From the systematic murder of communists in Malaya to the massacre of Land and Freedom Army fighters (dubbed ‘Mau Mau’ by the British occupiers) in Kenya, the ‘elimination of the colonial authority’s enemies’ was commonplace throughout the empire. Not only were ministers aware of unimaginable acts of brutality, including men being ‘roasted alive’, they actively sanctioned torture and murder on an industrial scale.

It is worth remembering that many of the officers commanding in northern Ireland in the 1970s had previously served in British colonies in Africa and Asia. In these territories, the local populations were regarded as inferior and uncivilised, and were oppressed using the most brutal methods. This culture of dehumanisation was continued in the streets of Belfast and Derry, and throughout the north.

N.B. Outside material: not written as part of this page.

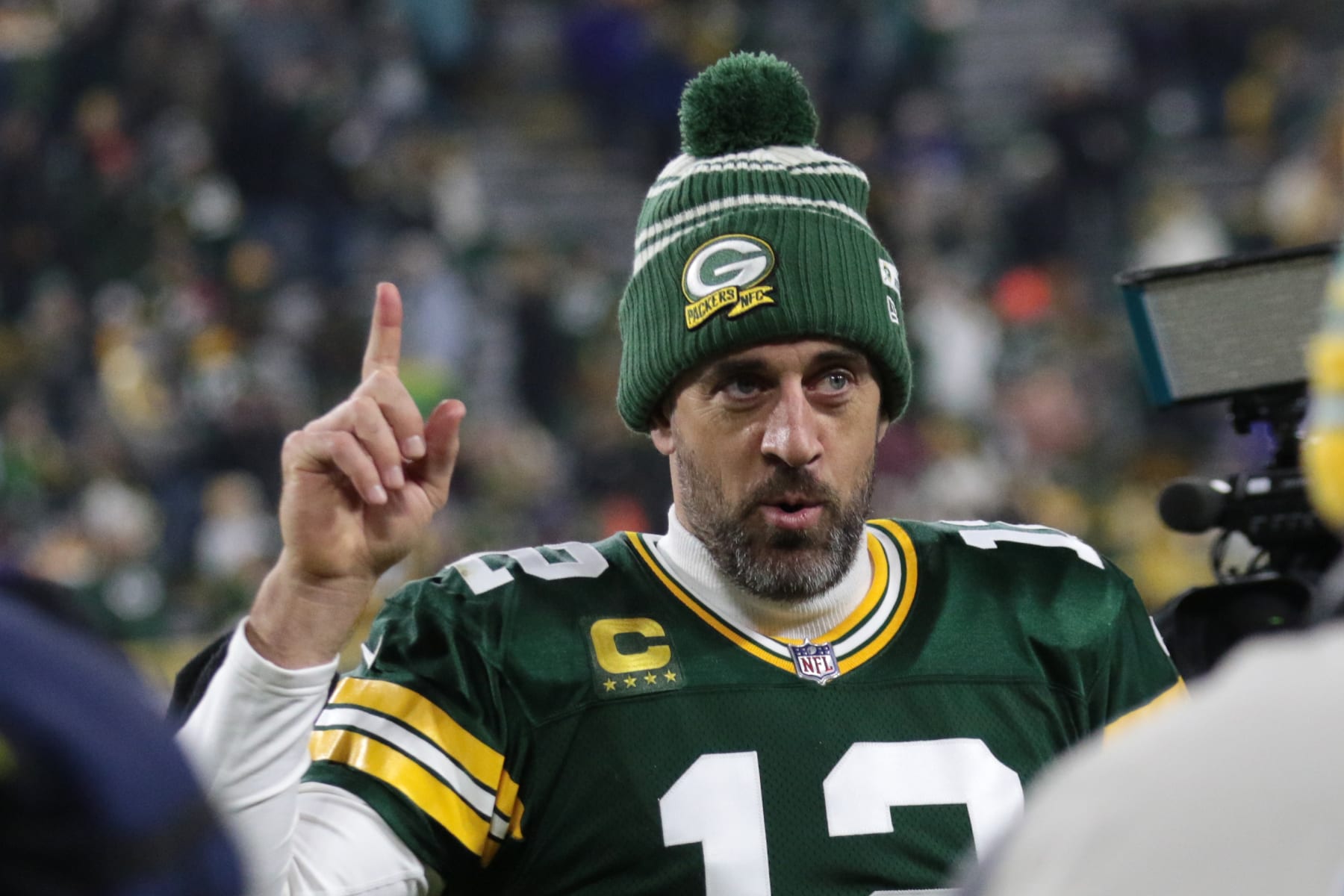 GREEN BAY, WI - JANUARY 01: Green Bay Packers quarterback Aaron Rodgers (12) acknowledges they need one more win during a game between the Green Bay Packers and the Minnesota Vikings on January 1, 2023 at Lambeau Field in Green Bay, WI. (Photo by Larry Radloff/Icon Sportswire via Getty Images)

Indeed, in 1970, Britain installed Brigadier Frank Kitson as its commander in the north. Kitson had previously received a Military Cross for his role in crushing the Kenyan uprising and was later awarded a Bar to it for brutally suppressing the Malayan National Liberation Army (MNLA), the military arm of the Communist Party of Malaya (CPM).

In 1971, Kitson, drawing on his colonial experiences, wrote Low Intensity Operations: Subversion, Insurgency and Peacekeeping, which became the leading counterinsurgency handbook for all imperialist armies. The methodologies outlined by Kitson included increased cooperation between civil, military and police units, the creation of inter-organisational forces, the installation of provocateurs, and an established network of surveillance within ‘deviant communities’.

These tactics translated perfectly into Ireland – a country that had historical experiences of death squads in the form of the Black and Tans, and where a relationship between the state and loyalist terror groups already existed. Whilst the Military Reaction Force only lasted a little over a year, it was seen as a prototype and was soon rebranded and relaunched to continue its terrorist activities.

In October this year, one of the most significant books on the war in Ireland, Lethal Allies: British Collusion in Ireland, revealed “indisputable evidence of security forces’ collusion with loyalist paramilitaries. It showed that members of the Royal Ulster Constabulary (RUC) police force and the Ulster Defence Regiment (UDR) of the British army were ‘part of a loyalist gang that killed more than 100 people in one small area in the 1970s’.” (‘Disturbing book on northern Ireland killings demands greater coverage’, Guardian Greenslade blog, 25 October 2013)

This triad of oppression – police, military and loyalist death squads – unleashed horror upon republican communities all over the north of Ireland: pubs were bombed; civilians were harassed, shot and killed; republican volunteers were tortured and executed. They subjected an entire population to systematic terror without any form of accountability.

One of the soldiers interviewed by Panorama claimed that “if you take religion away, they [the IRA] were just gangsters”. On the contrary; whilst the ultimate aim of the armed republican movement was furthering the cause of Irish reunification and independence (for all Irish people, regardless of religion or heritage), it was also vital in protecting the communities that the British army was terrorising.

Similarly, despite the BBC depicting the provisional IRA as ‘cold-blooded killers’ without public support, the movement was successful in reducing the number of British soldiers on the streets of Ireland, winning a range of civil rights for republican communities, and has now evolved into a powerful political force that is moving inexorably towards achieving Irish reunification.

Panorama was not only relevant on Irish matters, however. It was, despite the propagandists’ best efforts, a useful insight into the long-established practices of systematic terror that the state unleashes upon organised resistance.

As soon as the communist movement in this country is successful in persuading a significant section of workers to make the historic break from social democracy – ie, the Labour party and parliamentary democracy – and to assume a more militant and autonomous approach aimed at overthrowing British capital, we can expect the same oppressive measures to be directed against workers at home.

The documentary, Britain’s Secret Terror Force, is currently available in Britain on the BBC iPlayer.